Quotes and unnamed sources we think might be made up. Nonstop reporting and
rehashing on a dramatic, but relatively inconsequential, story.
Where newsrooms see the
lapses of other media, however, a more critical public sees ongoing problems
that reflect deeply on the credibility of their newspaper. At its root, sensationalism
is a failure to reflect the values newspaper journalists insist distinguish
their work: accuracy, fairness and concern for the public.
Coverage of crime and public
affairs, two staples of the daily news report, often pose problems.
Examine crime coverage
“When we do overconcentrate
on crime, we actually present a warped picture,” said Geneva Overholser, a member
of the faculty at the Missouri School of Journalism and syndicated columnist
with the Washington Post Writers Group. “Are we reporting on crime in a way
that is accurate and fair? Or are we going for what we know is the juicy story?”
QUESTIONS
How often do you or your
staff discuss journalism ethics and values?

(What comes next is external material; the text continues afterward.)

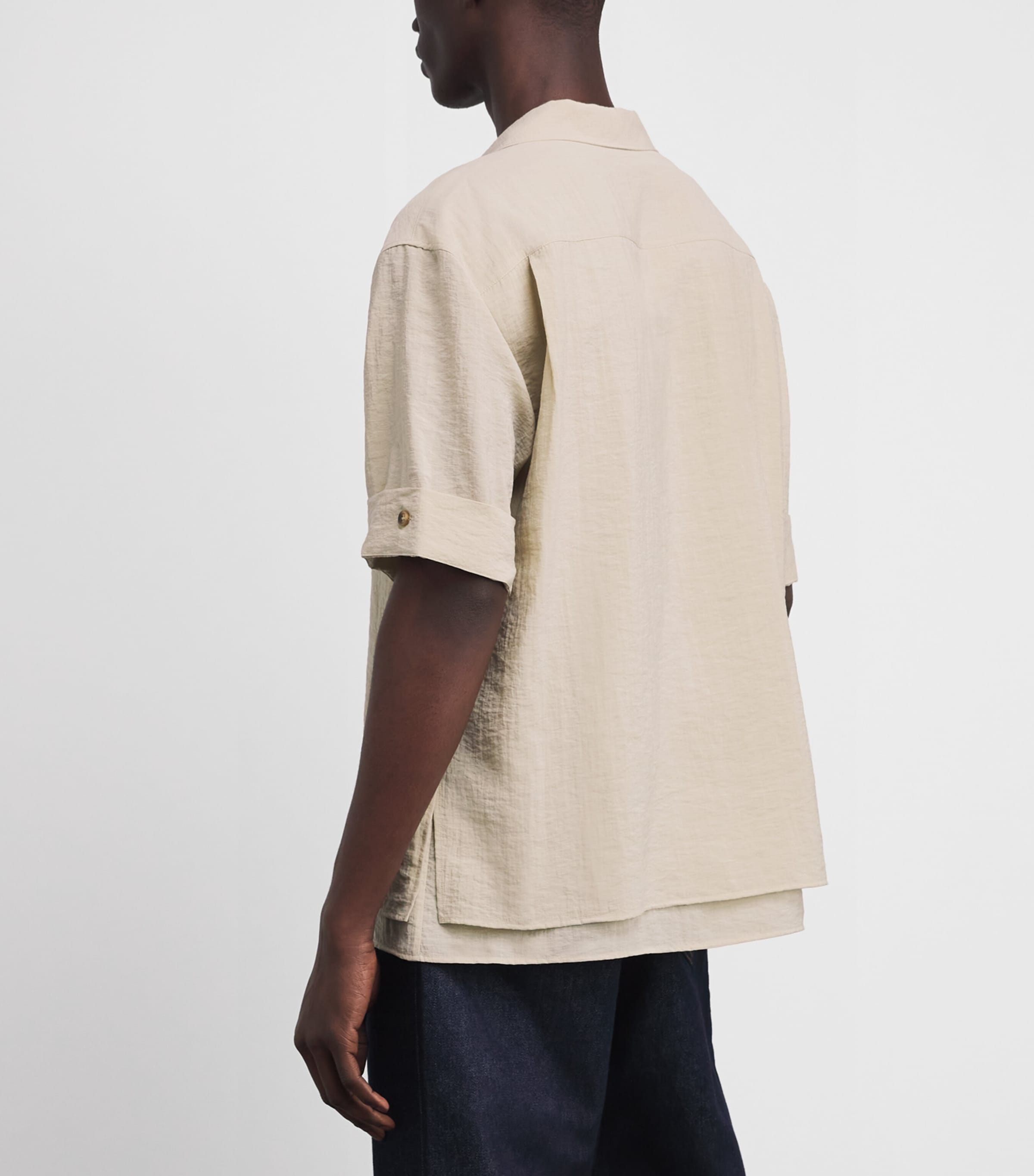 Le 17 Septembre Mens Camp Collar Short-Sleeve Shirt Beige Image 4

What issues do you usually
discuss: sensationalism, privacy, business influences?
What issues do you think
your staff would like to discuss?
What would be a good setting
for such discussions: the daily news meeting, staff committees, brown bag
lunches, formal training sessions?
Who on your staff would
lead these discussions? What training and resources might this person need?
Do members of your staff
bring ethical concerns into daily discussions of story and photo selection
and play?
How can you encourage
that? What recent or ongoing coverage posed ethical challenges that might
be worth discussing with your staff?
Nonsensationalistic crime
coverage requires that journalists report trends, explanations and context as
thoroughly as they do random incidents of violence or the bizarre.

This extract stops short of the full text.